For some reason, she either loves you too much to let you go, or she is still stuck on the idea that she can win/capture your heart and change you into something you currently aren't. Or both. 

Sadly, she will have a crash & burn at this rate. You should have a straight up talk (again, if you have already) and re-assert your expectations in this relationship.


----------



## OnTheRocks (Sep 26, 2011)

Satya said:


> What she's doing comes from a place of insecurity... With you. She seems somewhat unsure of what she wants *because a more assured woman (of what she wants) would not accept consecutive years as a comfort or fun woman kept at arms length.*
> 
> For some reason, she either loves you too much to let you go, or she is still stuck on the idea that she can win/capture your heart and change you into something you currently aren't. Or both.
> 
> Sadly, she will have a crash & burn at this rate. You should have a straight up talk (again, if you have already) and re-assert your expectations in this relationship.


I agree with everything except the bolded. By my definition, a self-assured woman would be fine with an arm's-length relationship.


----------



## Openminded (Feb 21, 2013)

She wants more out of the relationship than you do -- a bigger commitment than you want. 

She very likely isn't going to change her mind about what she wants.

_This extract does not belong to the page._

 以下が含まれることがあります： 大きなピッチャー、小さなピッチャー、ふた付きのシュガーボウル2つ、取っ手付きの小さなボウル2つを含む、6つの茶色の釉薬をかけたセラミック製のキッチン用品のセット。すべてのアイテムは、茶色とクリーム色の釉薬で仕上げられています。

So where does that eventually leave you? Looking for a new gf.


----------



## SunCMars (Feb 29, 2016)

Satya said:


> What she's doing comes from a place of insecurity... With you. She seems somewhat unsure of what she wants because *a more assured woman (of what she wants) would not accept consecutive years as a comfort or fun woman kept at arms length. *
> 
> For some reason, she either loves you too much to let you go, or she is still stuck on the idea that she can win/capture your heart and change you into something you currently aren't. Or both.
> 
> Sadly, she will have a crash & burn at this rate. You should have a straight up talk (again, if you have already) and re-assert your expectations in this relationship.


Spot on Satya!

Few women want to be a "comfort women". A women to have and hold, to have and to stroke, to have and to pump. And to be 'nothing more'. :crying:

She wants to be his exclusive women. She wants him with strings detached. She wants to take these loose ends and connect them to her X-Paddle.

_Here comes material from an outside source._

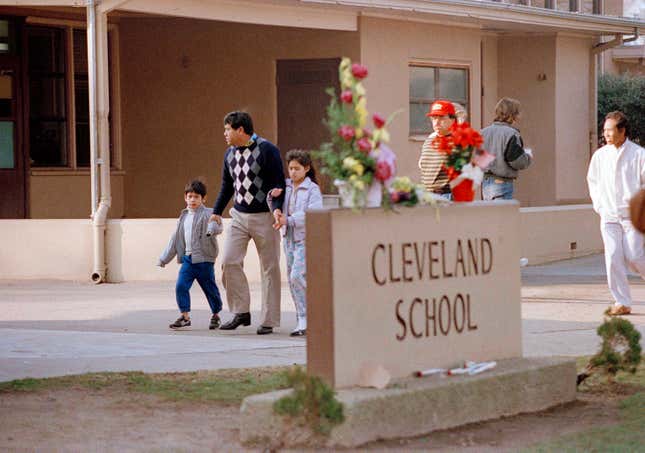A man and two students arrive back at Cleveland Elementary School in Stockton, Calif., Jan. 17, 1989 after a heavily armed gunman invaded the school yard and killed five children and injured 30 others before killing himself.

The thick long rope at his leg juncture is the first to be tied off. The first to be tied to her paddle. If she has control of THIS, she controls the Mani-kin.

And a string that is 45 minutes away is a long string. A controlling string that is useless. A string that only works with a Wink and a Trusting Nod...and Hope.....Hope, not from Canada.

As it is, she pulls 'taut' that 'one' long string, the penile connection chord....as does a fisherwomen. An antithetical fisherwomen. She feels the string action. NOT wanting a bite or a jerk. She knows not what the other end is "up" to. She wants, needs and presumes that it remains in the "down" position. 

She is hoping the string is not connected to an Angler Fish. A hunter of slippery suck-her fish. Dan Rather that is connected to an Angel Fish.:biggrinangelA:
@Satya is right. She feels in limbo, a kept women, a FWB....not a women who is cherished, and loved exclusively.

OP.....give her truth, give her a ring.....or cut her free. She needs the next step forward. A long overdue step, Methinks. Eh?


----------



## aine (Feb 15, 2014)

She wants more committment than you do and seems to have issues with insecurity. What is her history? Maybe she is playing for keeps and after 2 years cannot understand you don't want more, maybe thinks there is someone on the side. 

Be up front with her and tell her you don't like it and give her the option to move on.


----------



## OnTheRocks (Sep 26, 2011)

You told her how you really feel and she pretended to agree, but she really didn't believe you and thought you would 'come around'. You still feel the same way, and she's getting desperate.


----------



## jb02157 (Apr 16, 2014)

There's either one of two things going on here. Either she really does care about you and wants the relationship to proceed to the next level OR she's horribly codependent and would make your life miserable if she moved in with you. Maybe try to spend a week with her to try to figure out which one it is? Would there be any chance you would reconsider your stance on remarrying?


----------



## Satya (Jun 22, 2012)

OnTheRocks said:


> I agree with everything except the bolded. By my definition, a self-assured woman would be fine with an arm's-length relationship.


I was thinking of the bolded as conditional of her expecting a long-term, committed relationship, which is what it sounded like from OPs post.
A woman that wants a committed relationship would not accept the terms as they are. She'd likely want to live together, as but one example of a demonstration of commitment. It depends on what she believes is demonstrative of commitment.

If a less committed or more carefree relationship is what she wants (which was not what I interpreted), then my comment still stands.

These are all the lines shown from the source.